Wednesday, June 10, 2015
By Paul Martin

By Peter Cooper
GoldSeek.com
Wednesday, 10 June 2015

Why are global central banks buying so much gold unless they still fear inflation? The World Gold Council estimates that 120 tonnes of gold were added to global central bank reserves in the first quarter of this year and that’s a whole lot more than they used to buy.

In fact even since 2010 the central banks have increased their share of global gold demand from just two per cent to 14 per cent last year. It’s one reason why gold prices have held up recently despite a shift from retail investors to speculation in the final stages of the US and Chinese stock market bubbles.

Inflation hedge

For central banks gold is the classic hedge against monetary instability and against inflation, that is to say unwanted devaluation that puts up the price of goods in the shops. Gold will hold its value while paper money devalues and the nominal price of gold goes up and up.

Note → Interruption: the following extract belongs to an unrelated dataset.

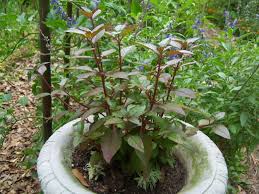 Attēlu rezultāti vaicājumam “Amaranthaceae”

Emerging markets, and we have to class China as an emerging this case albeit the world’s second largest economy, are playing catch up with the developed world in terms of gold reserves. They only hold around 10 per cent of foreign exchange reserves in gold by comparison to 70 per cent or more for countries like the US and Germany.

Monetary experts say around 15 per cent might be enough to maximize the benefits of gold holdings, and even the relatively new European Central Bank has 25 per cent of its reserves in Maynard Keynes’ ‘barbarous relic’.